Face au renouvellement du mouvement gaulliste et à l'hostilité affichée de Jacques Chirac, Giscard d'Estaing est obligé de réagir. Puisqu'il n'avait pu « giscardiser » le parti gaulliste de l'UDR, il lui fallait donc créer son propre parti. Avant la création de ce nouveau parti, Giscard d'Estaing souhaitait d'abord en fixer les principales idées, une base théorique. C'est la raison pour laquelle il publie en octobre 1976 un manifeste politique sous le titre de Démocratie Française. C'est la première fois dans l'histoire de la Ve République qu'un président en exercice publie un livre. Très vite, l'ouvrage est un succès d'édition puisque plus de 800 000 exemplaires ont été vendues en l'espace de quelques semaines. Dans cet ouvrage, il défend une société démocratique moderne, où l'exercice du pouvoir se fait dans la transparence, avec une économie performante et une croissance qui profite à tous, et notamment à la classe moyenne. Les principales valeurs à défendre sont donc la démocratie, la liberté par le biais d'une politique économique et sociale rassurante, et une politique étrangère dont tous les efforts doivent être concentrés dans la construction européenne.

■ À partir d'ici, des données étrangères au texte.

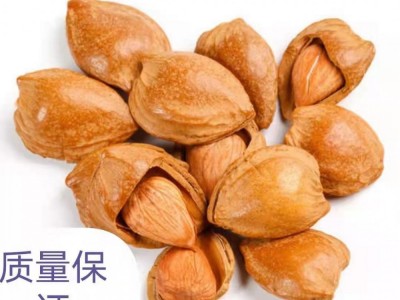 大量批发手剥杏仁 散装500g 休闲零食干果 一件代发杏仁杏核图4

Les principales valeurs étant fixées, il lui faut alors créer la structure politique. Lors de son élection en 1974, il s'était appuyé sur le petit groupe des Républicains Indépendants. Mais c'était insuffisant pour tenter de rivaliser avec le mouvement gaulliste. L'idée originale de Giscard d'Estaing est donc de tenter de fédérer différents groupes centristes et libéraux déjà existants : les clubs « Perspectives et Réalités », le Centre des Démocrates Sociaux (CDS) de Jean Lecanuet, le parti radical de Jean-Jacques Servan-Schreiber et les Républicains Indépendants qui se sont retroupés au sein du Parti Républicain (PR). Toutes ces formations politiques se regroupent au sein d'une fédération en février 1978, appelée l'UDF (Union pour la Démocratie Française) qui rappelle le titre de l'ouvrage de Giscard d'Estaing.